DING...DING....DING...DING...
DING...DING....DING...DING...
And that's how it made me feel!
Years ago I worked at a
Years ago I worked at a produce market. I was up on a step ladder and dropped something. A little girl, about 6, with down syndrome came running over, picked it up, and said here you go Maam.I of course fell all over myself thanking this sweet little girl. Her mom came over with tears in her eyes. I'll never forget it. I told her how proud she should be of that precious little girl. So yes, NO EXCUSES for poor manners!
I understand what you are
I understand what you are saying and how you feel b/c before then it was your dh's idea to not take her any where.t However ONCE he thought it might be ok with out talking to you about that he felt it was ok now and when you displayed you still wasn't still with out knowing he felt it was ok suddenly it was ALL YOU that don;t want to take her any where!

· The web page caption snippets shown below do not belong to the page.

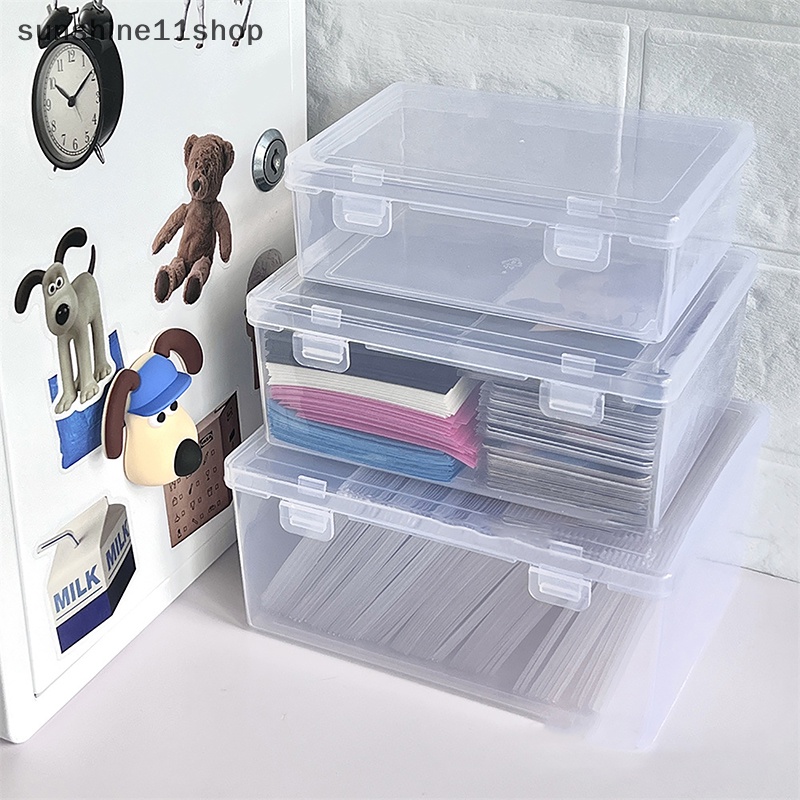 Sho PP Kotak Penyimpanan Transparan Desktop Organizer Kapasitas Besar Stiker Kotak Pensil Tempat Subpaket Desktop Stationery Storage Box N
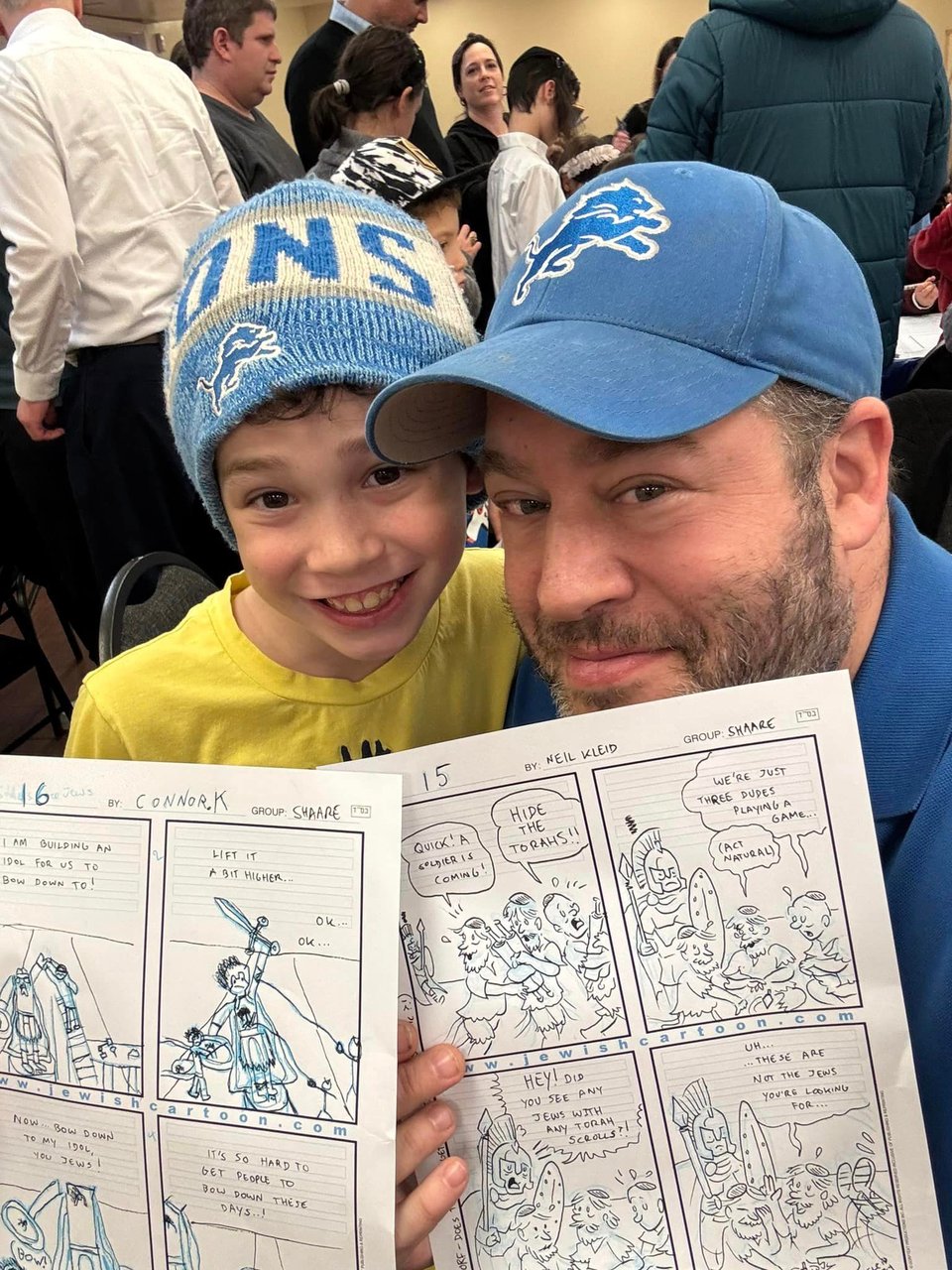 Neil and kid, making the comics donuts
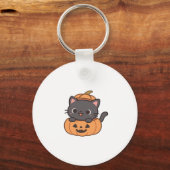 Playful Black Cat Popping Out of Pumpkin T-Shirt - キーホルダー (正面)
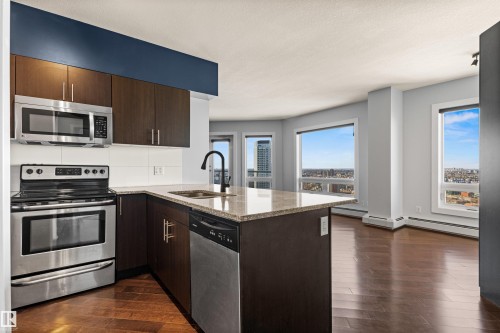 #2401 10152 104 St Nw, Edmonton, AB - Indoor Photo Showing Kitchen With Double Sink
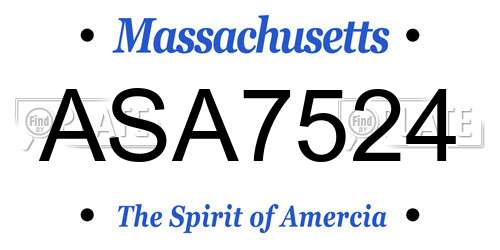 ASA7524 Massachusetts License Plate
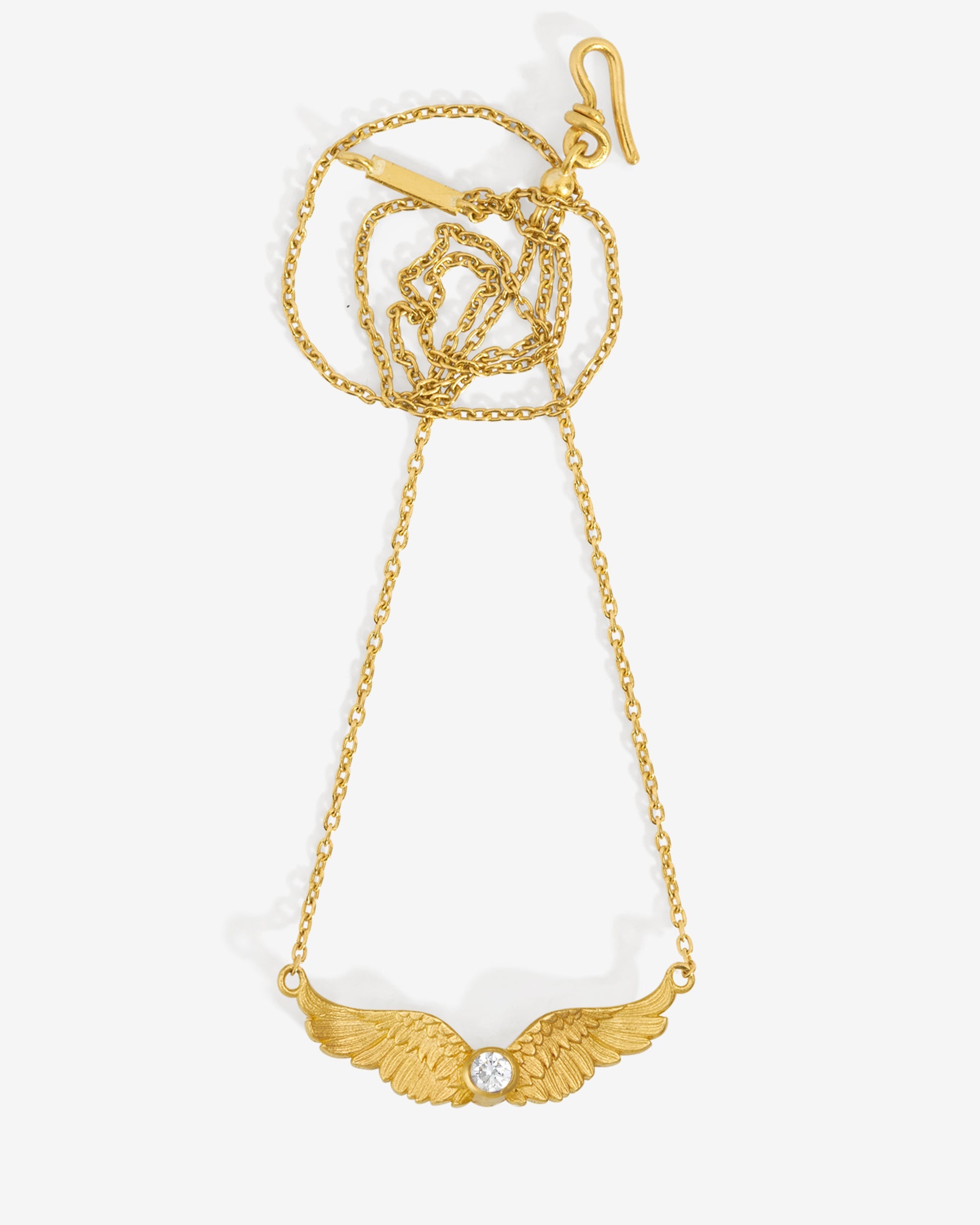 Temple of the Sun Winged Necklace Diamond Solid Gold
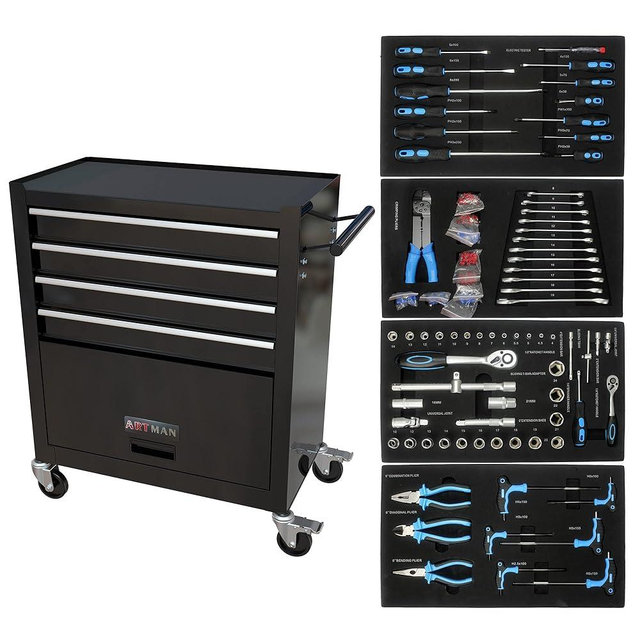 Dithoko 233-Piece Mechanics Tool Set, Household Tool kit with 4-Drawer Heavy Duty Metal Tool Cabinet, Portable Tool Box for Home/Auto Repair - Gift for Men (Black)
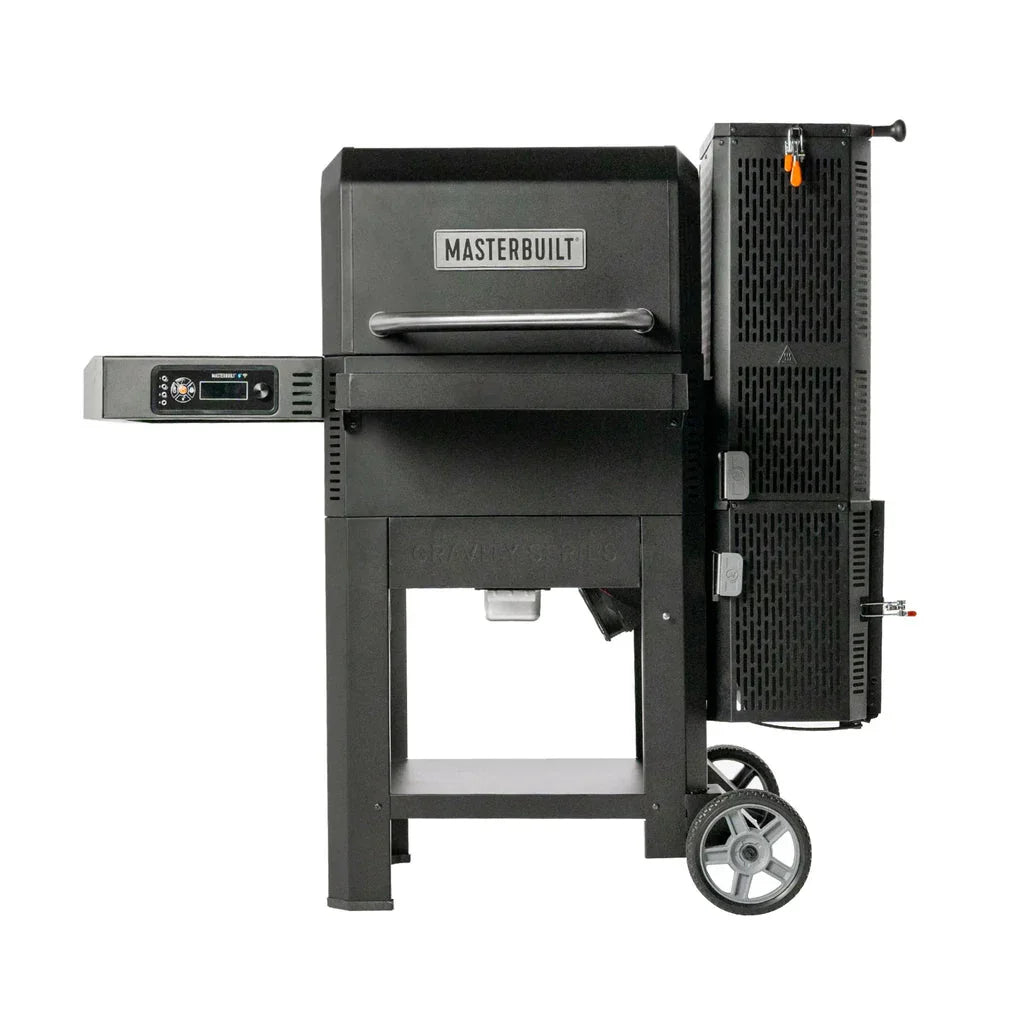 Parrilla y ahumador digital de carbón con control digital, ideal para asados y ahumados BBQ.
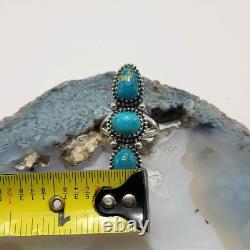 Vintage Navajo 3 Stone Blue Turquoise Long Ring Finger Sterling Silver 925 SZ 8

That was VERY wrong of him and I would sit him down and explain it to him that way. That IF he felt it was ok to take her out now then he SHOULD have talked to about his change of mind instead of ASSuming that you can read his mind. Then to accuse you of it being your idea.
We are right here
We are right here ><...
Seriously...That's the issue...Now he feels okay with taking her, and he didn't communicate that to me...So I'm living life business as usual...
I tried to talk to him about it this morning, and he gave me the "Not now" speech...
We WILL talk about it, however...
I could actually believe him if he actually lived this himself...There are PLENTY of times when I'm not around and he's alone with SD...He could be taking her to a public place then...But he doesn't...They do the drive-thru and eat at home...ALL THE TIME...
Yeah he is feeling guilty and
Yeah he is feeling guilty and now wants to make it your problem.
My dh pulls this one all the
My dh pulls this one all the time. He will agree with me all day long that ss has a problem respecting me-he will agree that he does not want to be part of this family and will make no effort. He will agree that he steals from everyone and has done drugs and had some bad behaviors. HOWEVER-when explaining to someone else (such as mil) why ss doesnt live here presently he will say "Because hmo and ss13 dont get along"
I'll be like, "Back up there buddy"-and he will say, "but you dont"-"there are problems between you guys" and I will agree and say, "Yes, ss has a problem with treating me respectfully and I have a problem tolerating it". But when you describe it like that it sounds as if we are two small children who are fighting over things and cant get along with one another when in reality I have made every damn effort possible to try and have a positive rlationship with this child-I am not part of the refusal to "get along"
I am very sensitive about this issue-because I feel so much of teh blame for this situation has been thrown my way-by dh along time ago (he sorta knows better now), by ss himself, by bm in the past, by inlaws now-that I feel that he needs to carefully word things. I think from his perspective he's just trying to sum it all up rather than give a complete laundry list of all the issues to people who might inquire about it. Needless to say I've told him to come up with a new way to sum it up. For instance, he could just say, "hey, my son's an asshole".